Tuesday, 20 November 2012

The Mountain Dwellings


City:               Copenhagen
Location:       Orestaden 
Country:        Denmark
Design:          BIG Architects
Total area :   33.000 square metres (floor area)
Completed:   2008

 

The residents of the 80 apartments will be the first in Orestaden to have the possibility of parking directly outside their homes. The gigantic parking area contains 480 parking spots and a sloping elevator that moves along the mountain’s inner walls. In some places the ceiling height is up to 16 meters which gives the impression of a cathedral-like space.
 
The parking area needs to be connected to the street, and the homes require sunlight, fresh air and views, thus all apartments have roof gardens facing the sun, amazing views and parking on the 10th floor.
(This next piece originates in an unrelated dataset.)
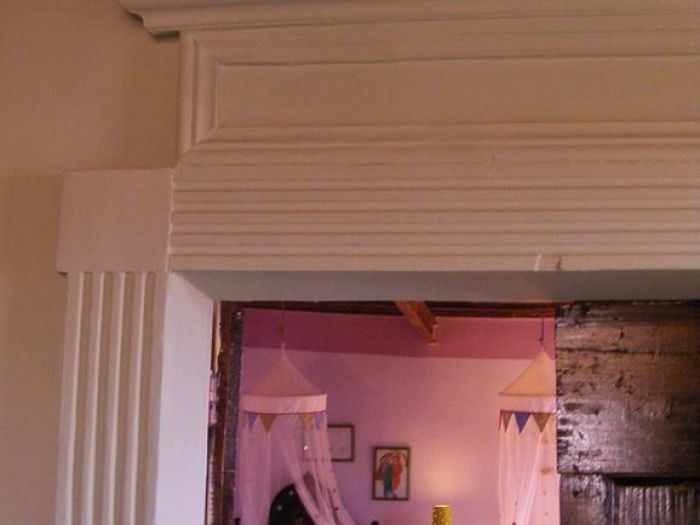 Archisio - Vincenzo Chirico - Progetto Casa in edificio storico del 1600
The Mountain Dwellings appear as a suburban neighbourhood of garden homes flowing over a 10-storey building – suburban living with urban density.

 

Mountain’s formal conjecture cuts to the core of Modernism’s default rectangularity. A flat roof, it says, doesn’t satisfy contemporary needs. It questions the rectangle’s ability to make all equal and also its ecological performance. Mountain’s form in incredibly specific, but it’s strategies (roof terraces and a stepped massing) are transferrable. Like Le Corbusier’s Unite d’Habitation before it, Mountain makes a lifestyle rather than just a building, its argument is green without being greenwash, a rethinking of typological models rather than a reskinning with technology. It’s also cheeky. Denmark has no mountains. A mountain lifestyle there is one so different it nearly constitutes a category error. In order for the lifestlye to be transposed it had to be simulated.